• [ACTIVITY]: Set down each record below precisely, skipping the pictures.

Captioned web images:
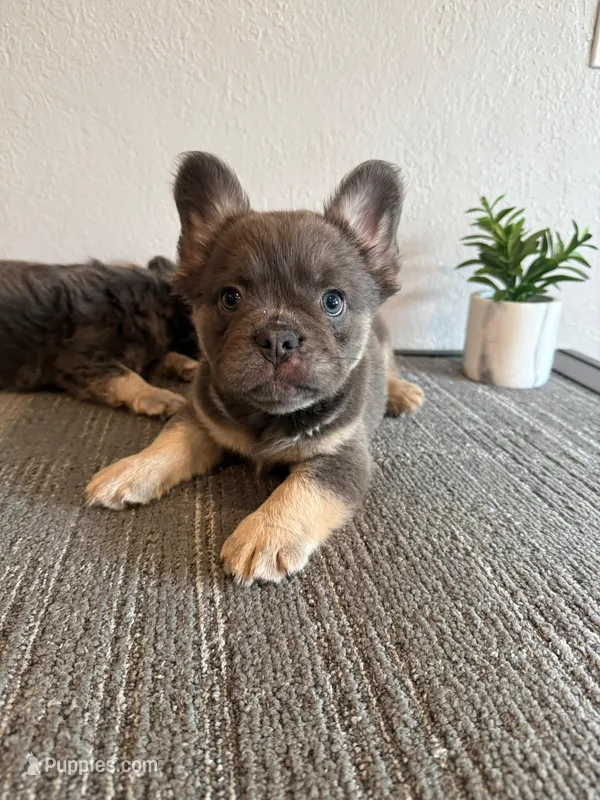 Blue Fluffy  – French Bulldog puppy for sale in West Covina, CA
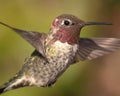 Hummingbird in Flight, Color Image, Day Royalty Free Stock Photo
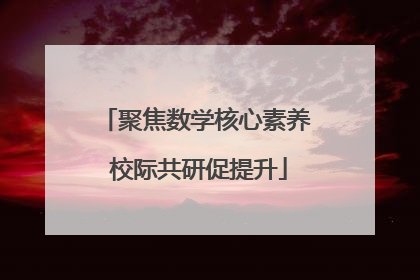 聚焦数学核心素养 校际共研促提升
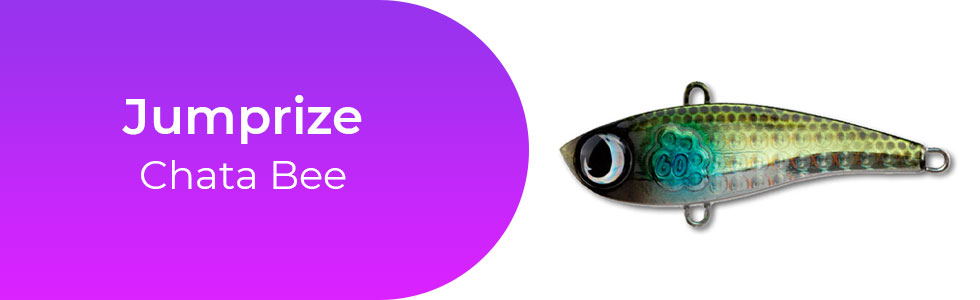 Jumprize-Chata-Bee.jpg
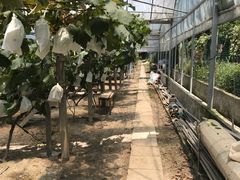 -美家乐农庄·露营·团建(大治路店)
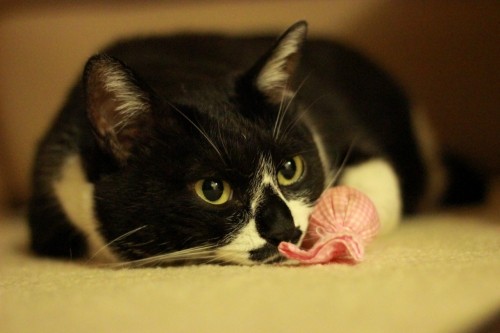 ピンボケぼけぼけ動画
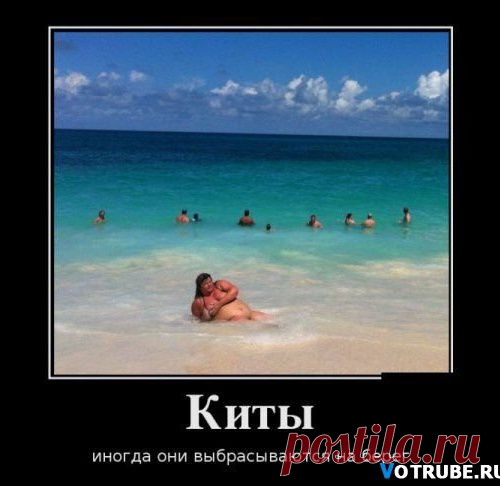 Фотоприкол: шутки у Мишутки, а у нас это класс!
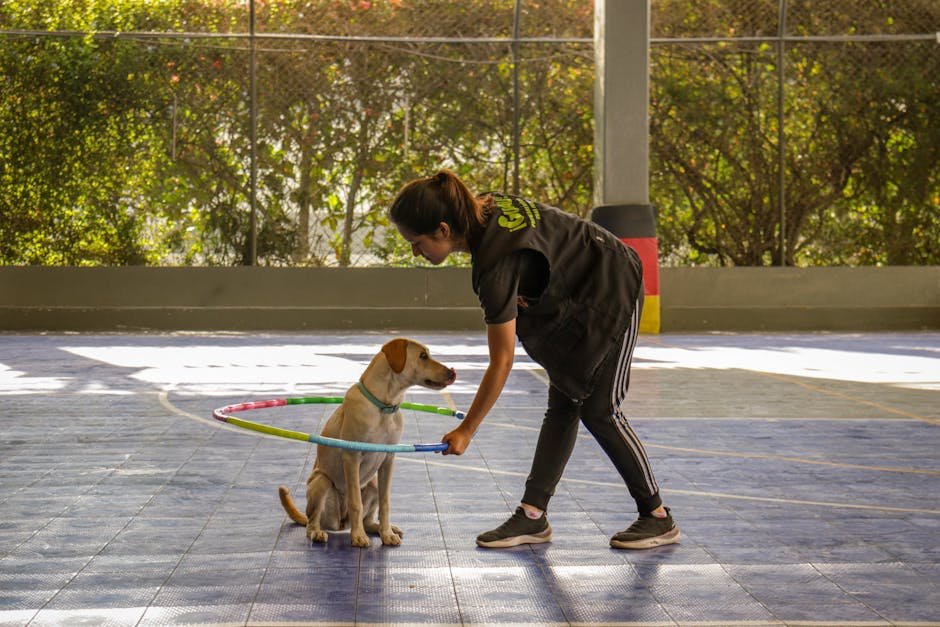 Dog Training Schedule: Master Your Pup’s Routine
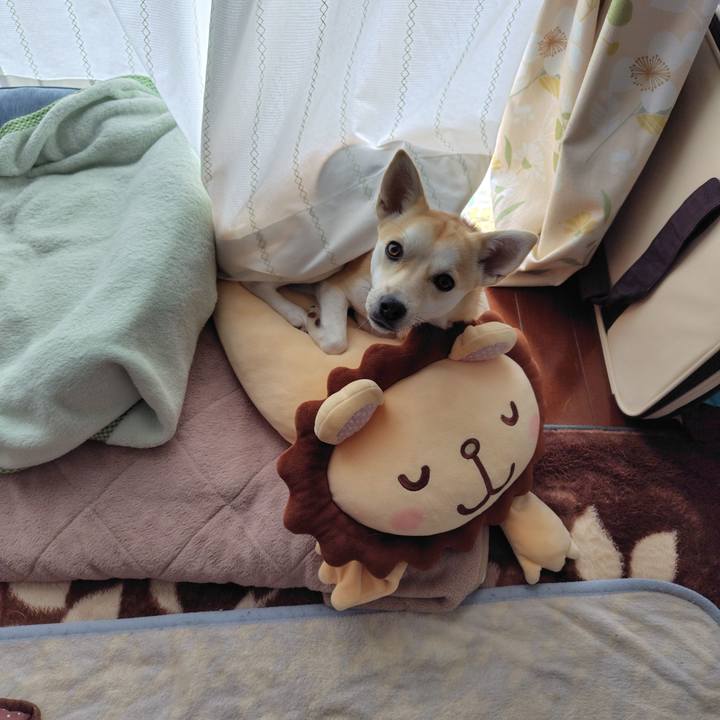 6298d4e9 380f 4405 b3b9 7fd0ce0fa93b 1765853326836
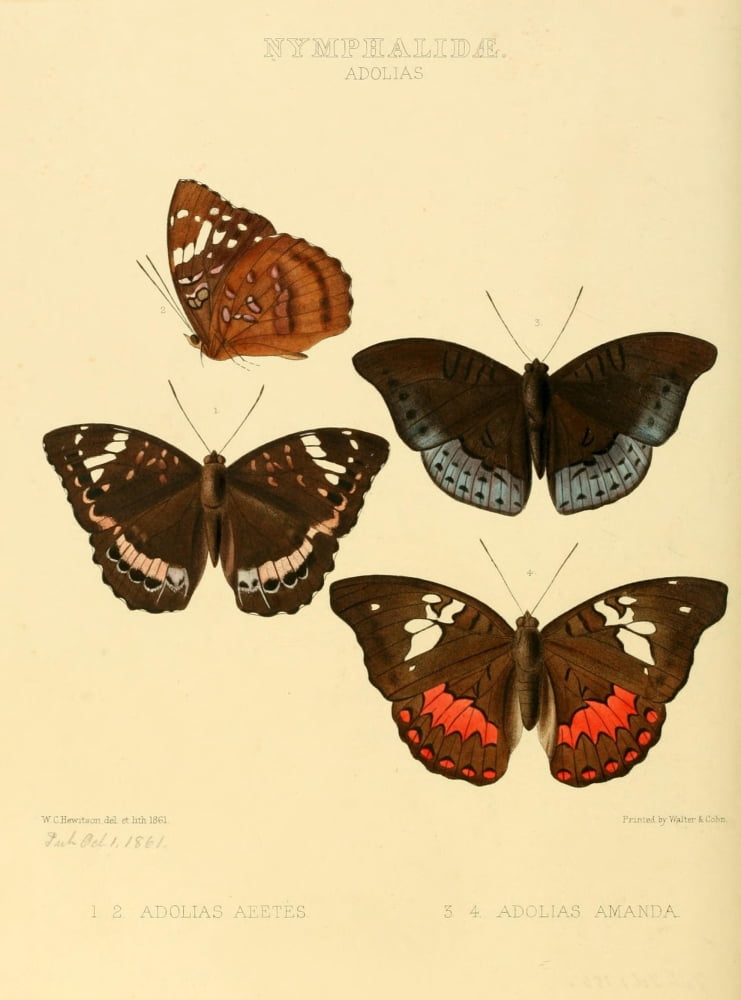 Exotic Butterflies 1866 Adolias 1 Canvas Art - W Chapman Hewitson (24 x 36)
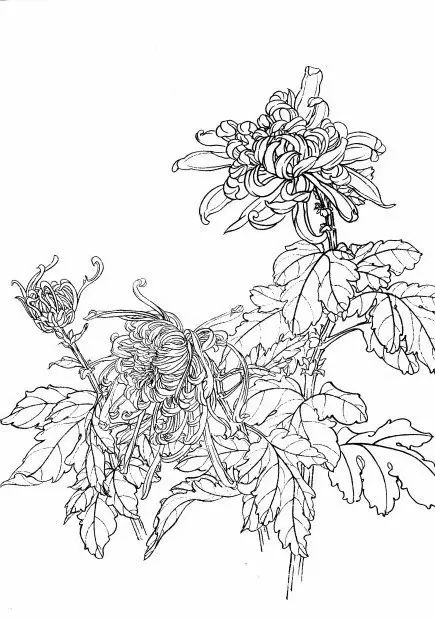教你一步一步勾勒白描菊花,国画菊花勾线白描怎么画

• [RESPONSE TO THE TASK]:
 Blue Fluffy  – French Bulldog puppy for sale in West Covina, CA
 Hummingbird in Flight, Color Image, Day Royalty Free Stock Photo
 聚焦数学核心素养 校际共研促提升
 Jumprize-Chata-Bee.jpg
 -美家乐农庄·露营·团建(大治路店)
 ピンボケぼけぼけ動画
 Фотоприкол: шутки у Мишутки, а у нас это класс!
 Dog Training Schedule: Master Your Pup’s Routine
 6298d4e9 380f 4405 b3b9 7fd0ce0fa93b 1765853326836
 Exotic Butterflies 1866 Adolias 1 Canvas Art - W Chapman Hewitson (24 x 36)
教你一步一步勾勒白描菊花,国画菊花勾线白描怎么画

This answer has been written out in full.